First, as seen in the above, the plaintiff unilaterally requested the renewal of the voluntary agreement on PE farming films, but is notified by the defendant that the plaintiff would not renew the agreement as a result of the examination on the propriety of the collection and recycling system of the plaintiff, etc., the plaintiff would constitute a joint consortium with the Korea Association of Agricultural and Fishery Resources and the defendant to enter into a voluntary agreement. The defendant also assessed that the joint consortium comprised of the plaintiff and the Korea Association of Agricultural and Fisheries Resources and the Korea Association of Fisheries and Fisheries have an adequate qualification as a result of the evaluation on the appropriateness of the recovery and recycling system of the above joint consortium, and approved the renewal of the voluntary agreement for the above joint consortium, as argued by the plaintiff. Thus, the plaintiff can not seek the cancellation separately from the notice of this case's second agreement on the Korea Association of Agricultural and Fishery Resources.
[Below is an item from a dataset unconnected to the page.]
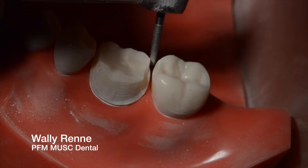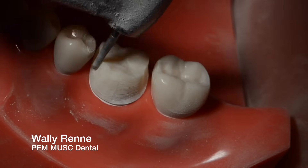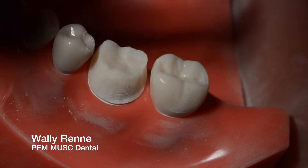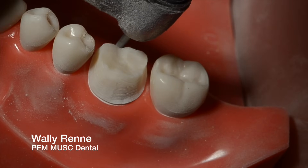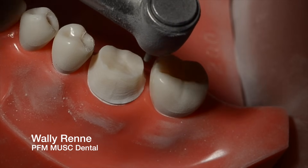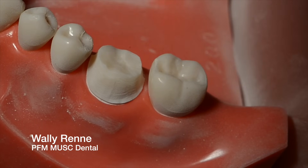With these PFM preps — with gold you were so worried about having a heavy margin on the interproximal — you could keep a pretty heavy margin, about a 1mm chamfer, on these PFM preps until about the line angle of the lingual. Right about there you start to transition to a light chamfer. And you're going to use that same 016 to do the lingual cuts. I'm doing a little light chamfer now on the lingual, and I'm trying to blend that light chamfer in with a heavy chamfer right about the corner line angle of the lingual.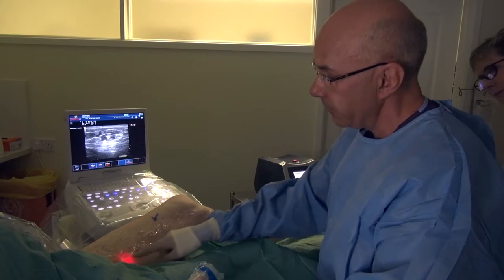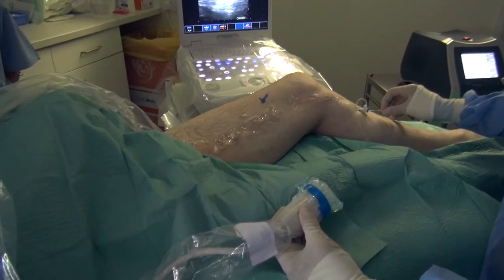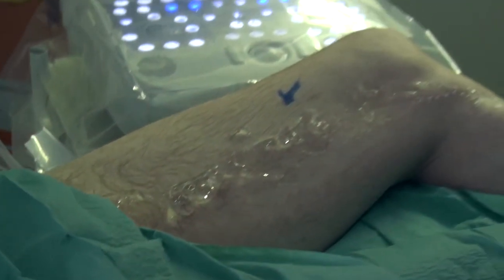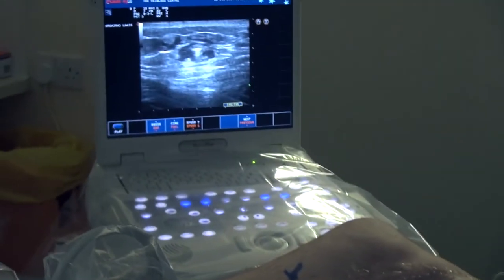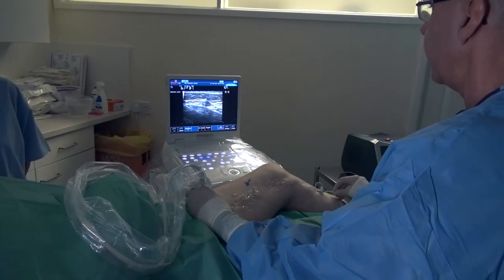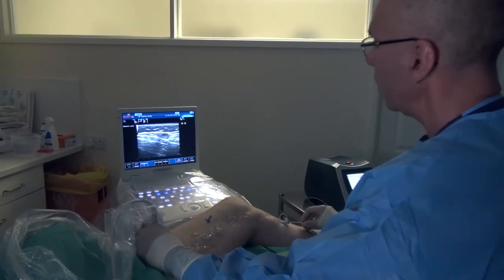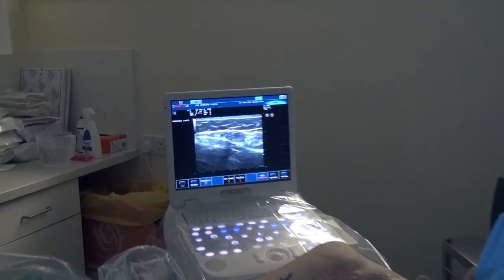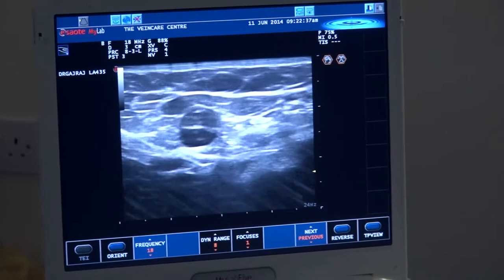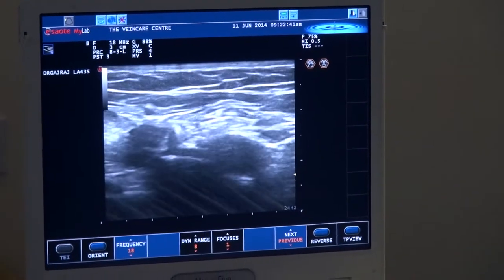We've got the flashing light in the thigh. We're advancing the catheter right up and that's where I think the catheter is probably very close to the junction. Now as you can see on the screen we've got the superficial vein there. It's compressible when I apply light pressure. As I advance it up the leg we can now see it joining the deep vein just there.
Next, as to the ancillary claim, since the notice of this case 2 is an administrative disposition that is beneficial to the above joint consortium with the approval for the renewal of the voluntary agreement on the PE farming films of the plaintiff and the Korea Association of Agricultural and Fisheries Resources, the notice of this case 2 is an administrative disposition that is beneficial to the above joint consortium. Thus, it cannot be said that there is a legal interest in dispute over the notice of this case 2 in the qualification of a part of the above joint consortium member, who is subject to the above joint consortium (the "Korea Association of Agricultural and Fisheries Resources" alleged by the plaintiff, is not directly generated from the second notice of this case, but can not be deemed as a direct and specific interest protected by the applicable law of notice of this case. Further, if the manufacturer of PE farming films who entrusted the business affairs to the plaintiff, requests renewal of the agreement with the plaintiff and the Korea Association of Agricultural and Fishery Resources, it cannot be deemed that the voluntary disposal of products related to the system of voluntary agreement and the operation guidelines of this case are limited to the voluntary renewal of the agreement with the plaintiff and the Korea Association.
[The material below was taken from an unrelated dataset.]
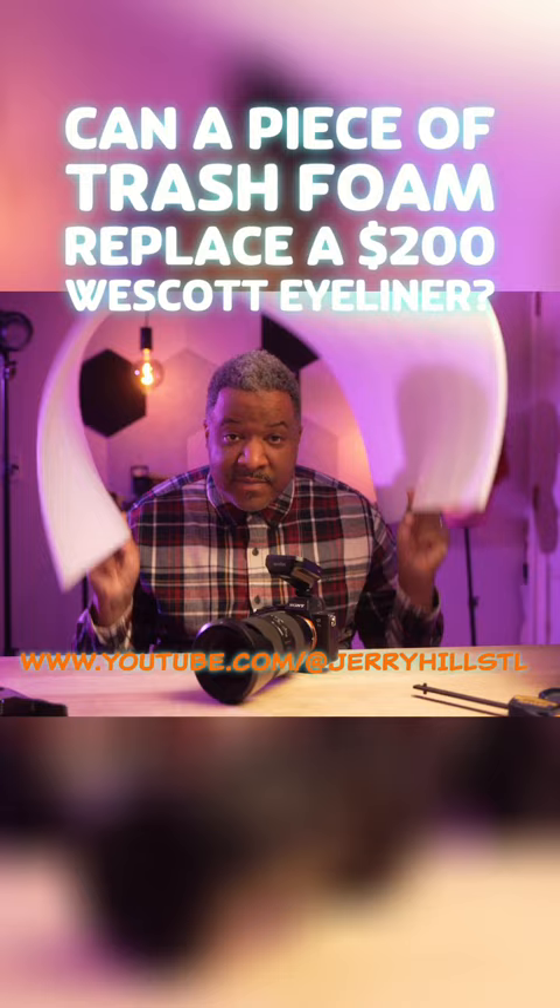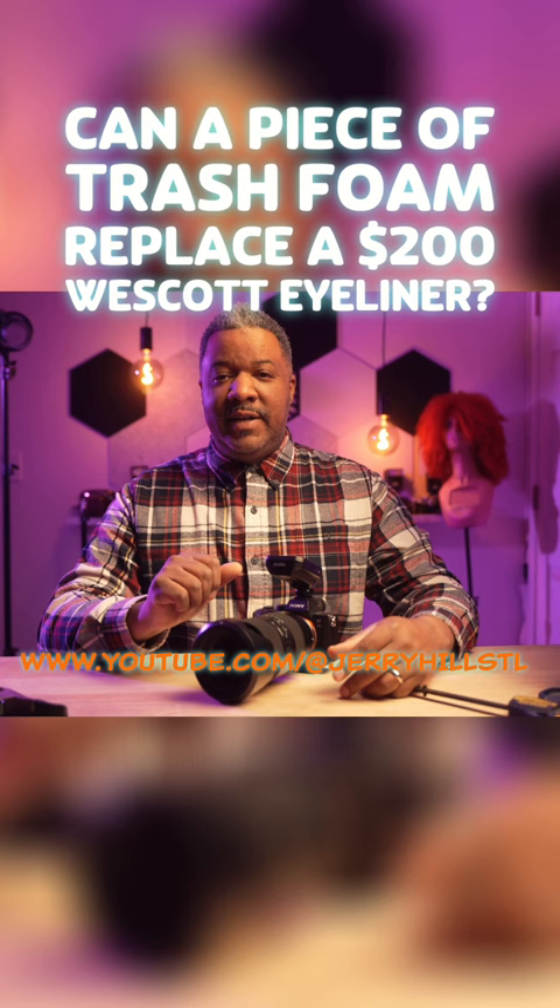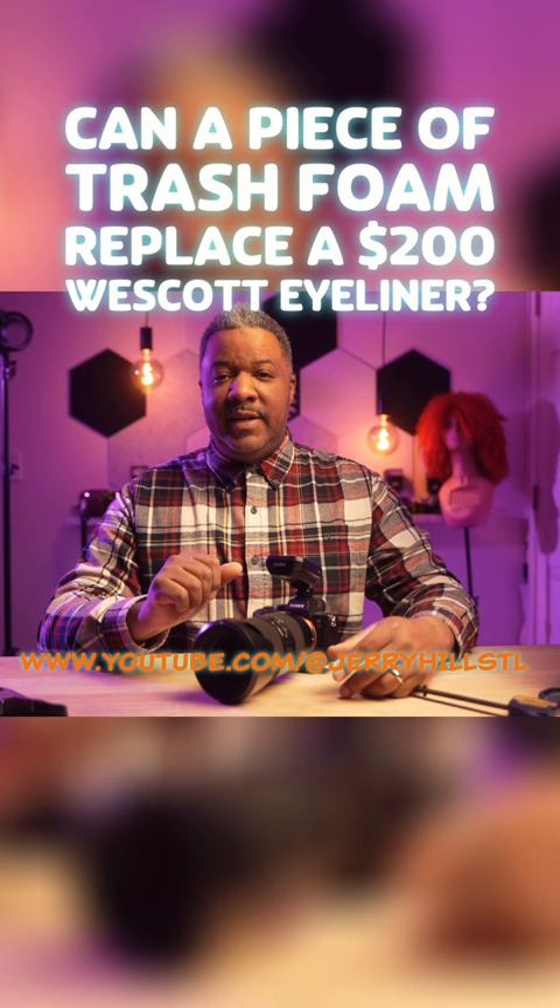Want to see if we can do it? Check us out on YouTube — Gary Hill STL — and we'll explore if we can recreate a $200 store-bought reflector with a piece of throwaway foam. I'll see you there.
In the case where the notice No. 2 of this case is revoked, the defendant argued to the purport that there is a legal interest in seeking revocation of the notice No. 2 of this case since the plaintiff had a duty to renew a voluntary agreement with the plaintiff after conducting a reexamination on December 16, 2013 upon the request of a separate review conducted by the plaintiff on his/her own on the part of December 16, 2013. However, the plaintiff filed a request for reexamination to the effect that the renewal of a voluntary agreement with the plaintiff on December 16, 2013, but changed the contents of the request for renewal of a voluntary agreement with the Korea Association of Agricultural and Fisheries Resources for Agricultural and Fisheries Resources (hereinafter referred to as the "Korea Association of Rural Community") to the extent that the notice No. 2 of this case is revoked, and therefore there is no obligation to conduct a separate review
3. Conclusion
Ultimately, since the lawsuit of this case is unlawful, it is decided to dismiss all of them. It is so decided as per Disposition.
Judges
The presiding judge shall be appointed by a judge.